[Stored data]
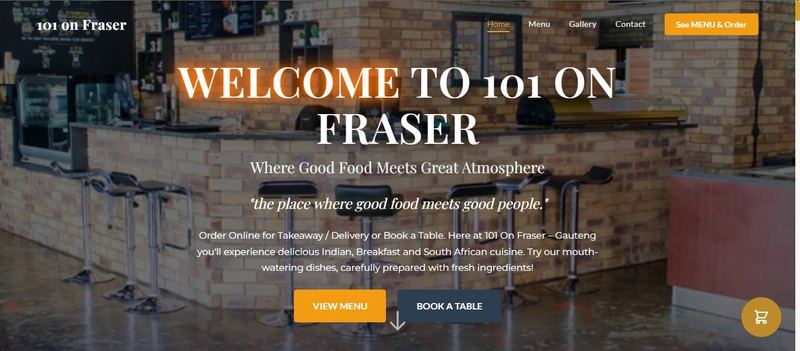 101 On Fraser restaurant booking website by SMK Web Design — designed by Stopher Malik, Johannesburg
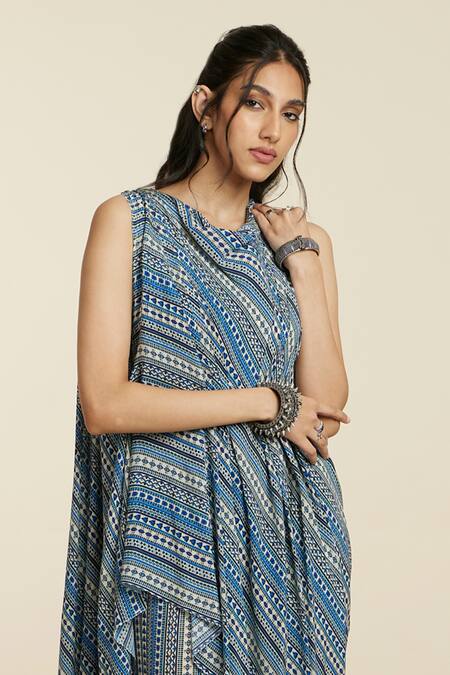 Sva By Sonam & Paras Modi_Blue Crepe Printed Boho Stripes Cowl Neck Draped Crop Top With Pant_Online_at_Aza_Fashions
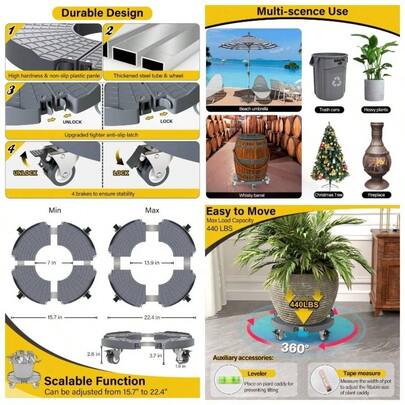 - Soporte para plantas resistente con ruedas, 1 paquete ajustable de 15 a 22 unidades con ruedas giratorias con bloqueo de 420 libras, soporte rodante/Dolly/Roller para macetas grandes para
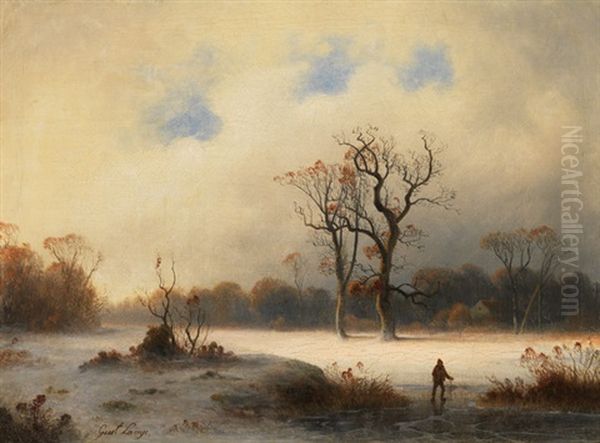 Winterlandschaft Mit Spazierganger - view 1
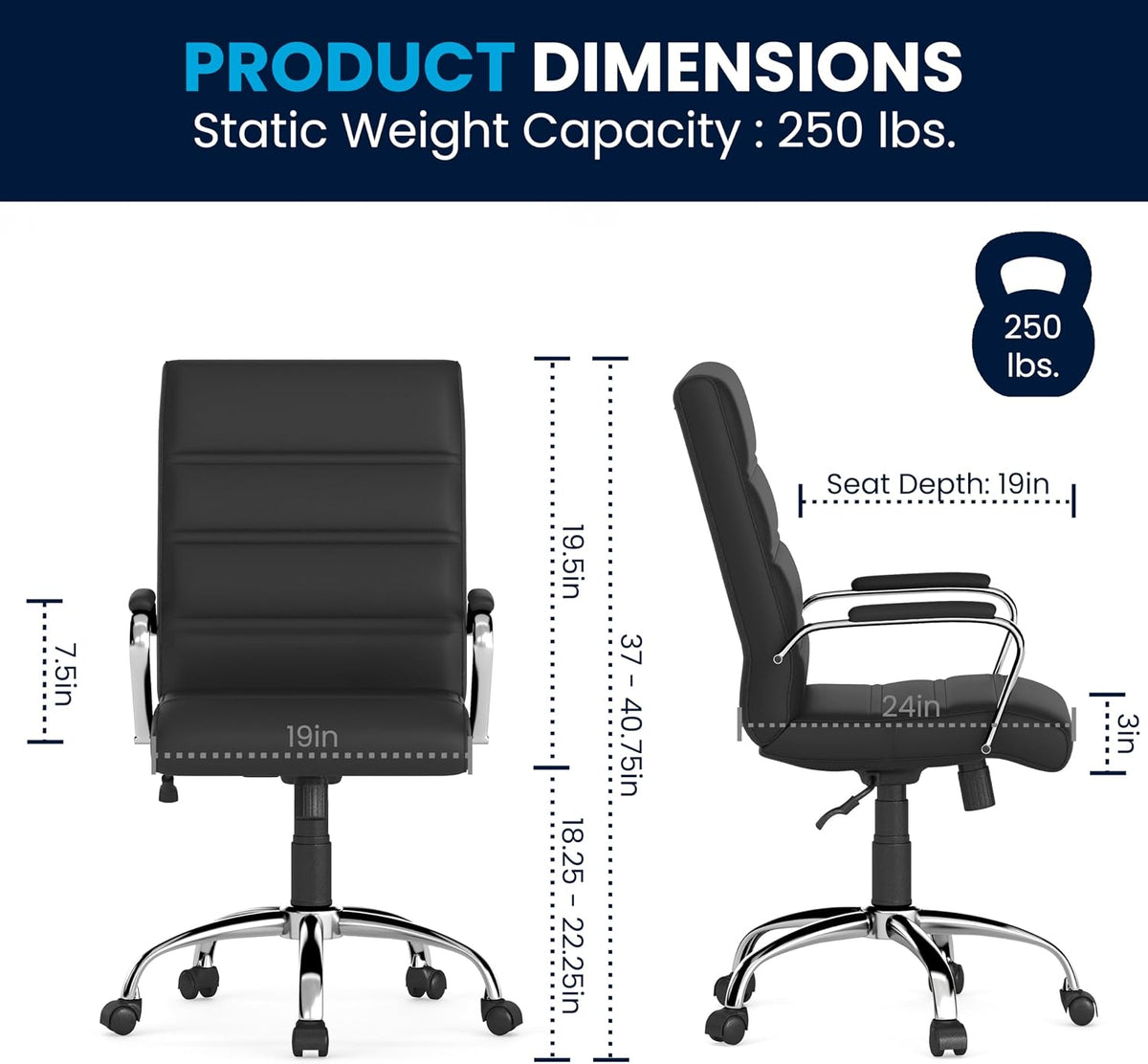 Black LeatherSoft Executive Office Chair
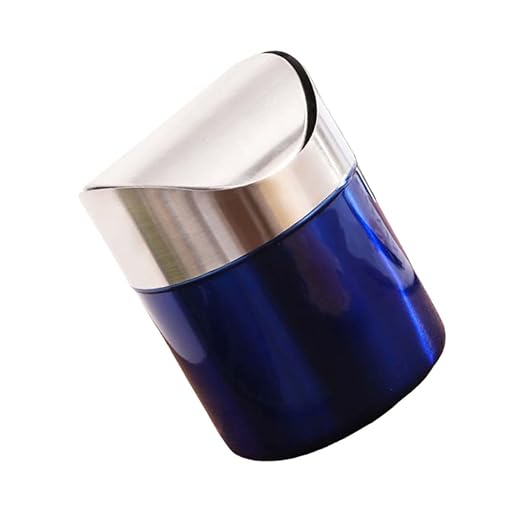 Vaguelly Stainless Steel Kitchen Waste Can Compact Desktop Trash Bin Under Sink Storage Container Suitable for Home Office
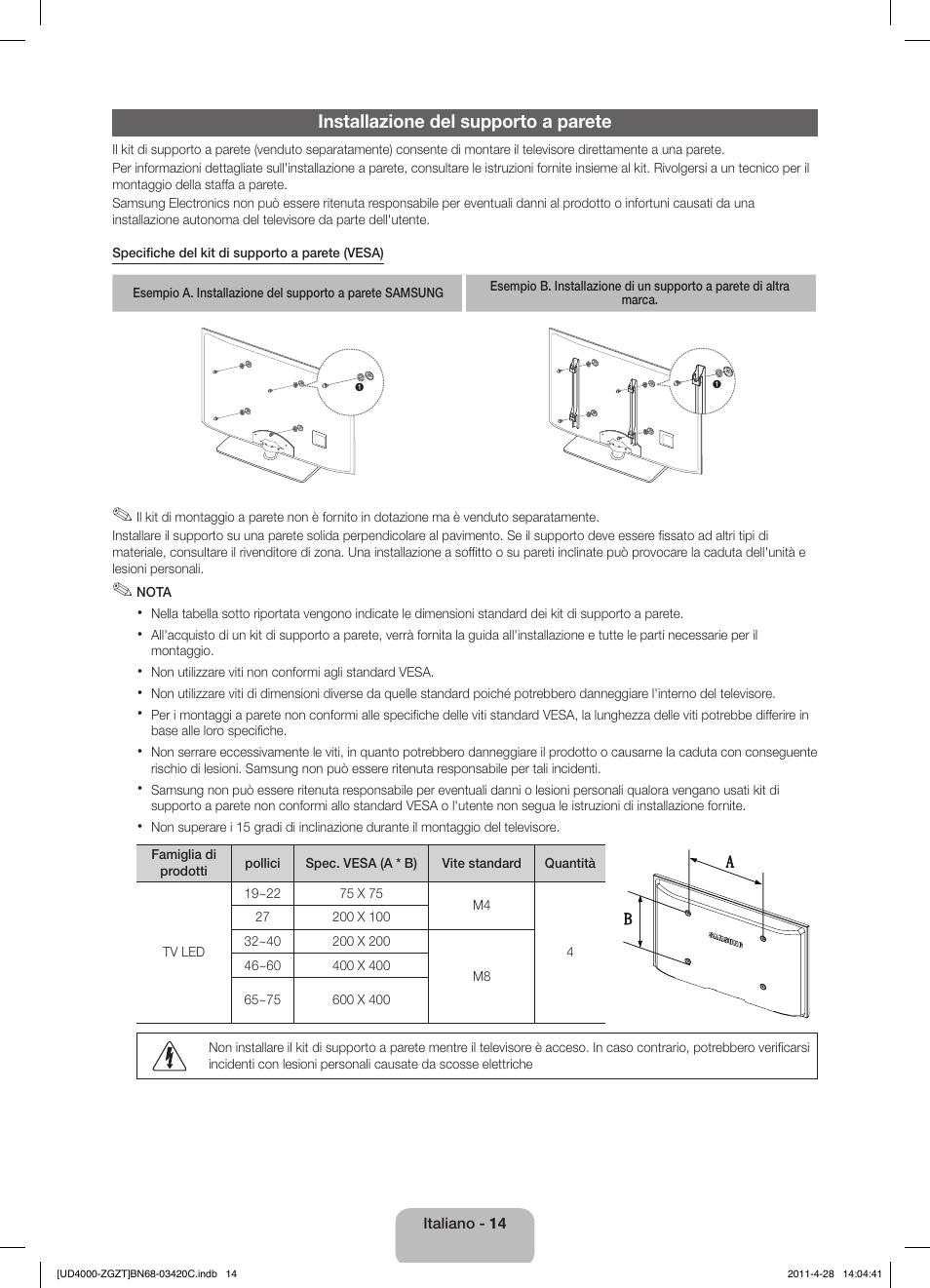 Installazione del supporto a parete | Samsung UE19D4010NW User Manual | Page 62 / 67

# [WHAT YOU ARE ASKED TO DO]
Give again, word for word, only the lines from the one with "- Soporte para" through the last line of the entries, both included; no pictures go in the copy.

# [EXERCISE ANSWER]
 - Soporte para plantas resistente con ruedas, 1 paquete ajustable de 15 a 22 unidades con ruedas giratorias con bloqueo de 420 libras, soporte rodante/Dolly/Roller para macetas grandes para
 Winterlandschaft Mit Spazierganger - view 1
 Black LeatherSoft Executive Office Chair
 Vaguelly Stainless Steel Kitchen Waste Can Compact Desktop Trash Bin Under Sink Storage Container Suitable for Home Office
 Installazione del supporto a parete | Samsung UE19D4010NW User Manual | Page 62 / 67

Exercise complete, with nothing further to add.